Technically, Zhao could reject the decision to drop charges against him and seek a court trial for a not-guilty verdict.
But he has decided against appealing, the lawyer said.
''It's illegal not to release him. It's wrong,'' Mo said.
Zhao was arrested in September 2004 and had faced 10 years in jail after the state security apparatus charged him with telling the New York Times details of rivalry between President Hu and his predecessor, Jiang Zemin.
His arrest came days after the Times reported that Jiang had offered to resign as chairman of the Central Military Commission, his last official post.
Before starting work for the Times in early 2004, Zhao established a reputation as a crusading journalist who focused on rural corruption and discontent.
The White house said on Wednesday that Hu would meet U.S.

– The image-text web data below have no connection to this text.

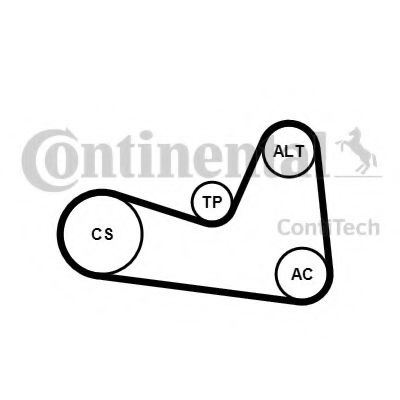 Set curea transmisie cu caneluri RENAULT MODUS / GRAND MODUS (F/JP0) (2004 - 2016) CONTITECH 6PK1200K1 piesa NOUA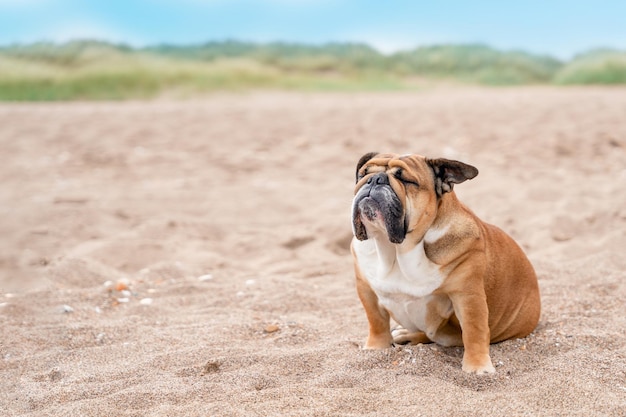 Bouledogue britannique anglais rouge assis sur le bord de mer au soleil en été Espace pour le texte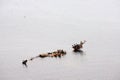 Skeleton ship in the sea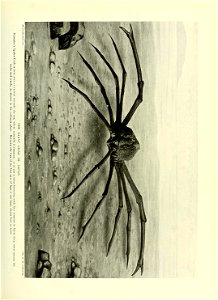 n438_w1150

President George W Bush in Washington on April 20 on what will be his first formal visit as president to the United States.
His previous trip to Washington was cancelled due to Hurricane Katrina, although he visited the United Nations in New York.
Beijing often times the release of dissidents to coincide with visits by top Chinese leaders to the United States, or senior US officials to China.
US President George W Bush and Secretary of State Condoleezza Rice had raised Zhao's case in meetings with Chinese officials.